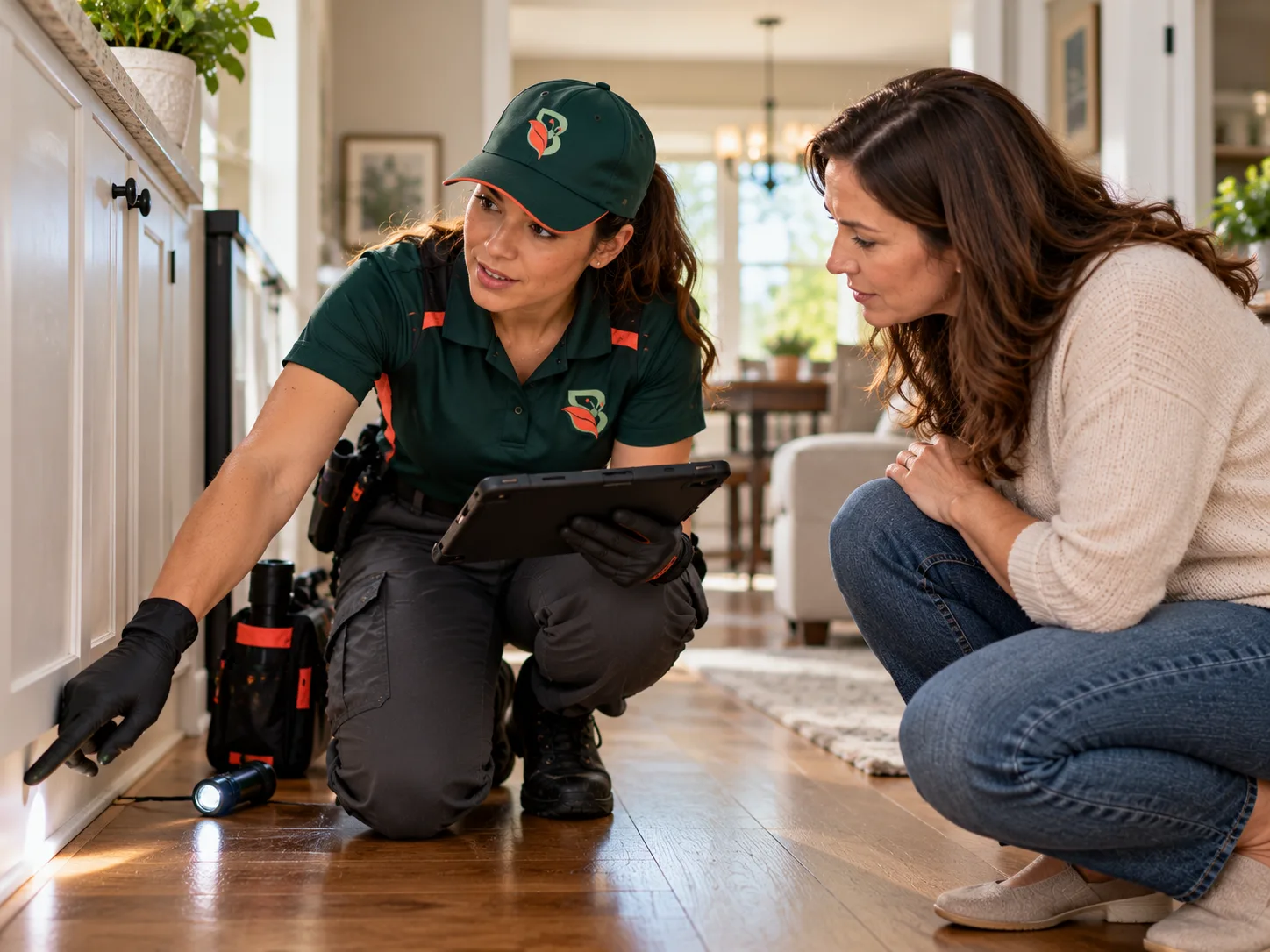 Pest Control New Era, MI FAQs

---

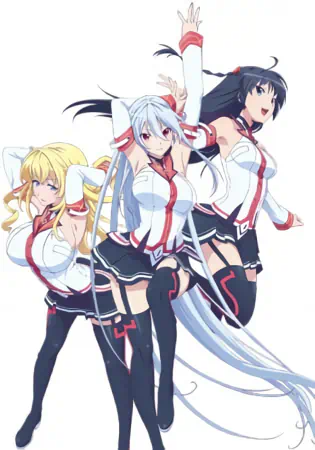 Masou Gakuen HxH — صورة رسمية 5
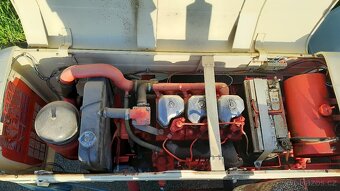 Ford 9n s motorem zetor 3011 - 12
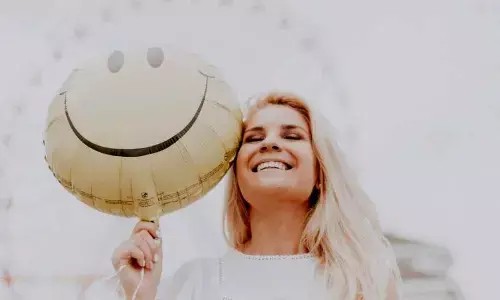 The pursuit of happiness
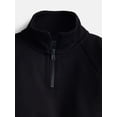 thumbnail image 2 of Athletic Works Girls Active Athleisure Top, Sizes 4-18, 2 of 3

* What you need to do *
In the material above, one part opens with the line containing "Masou Gakuen HxH — صورة رسمية 5" and closes with the line containing "thumbnail image 2". Write out that part exactly and skip its pictures.

* Answer to this task *
 Masou Gakuen HxH — صورة رسمية 5
 Ford 9n s motorem zetor 3011 - 12
 The pursuit of happiness
 thumbnail image 2 of Athletic Works Girls Active Athleisure Top, Sizes 4-18, 2 of 3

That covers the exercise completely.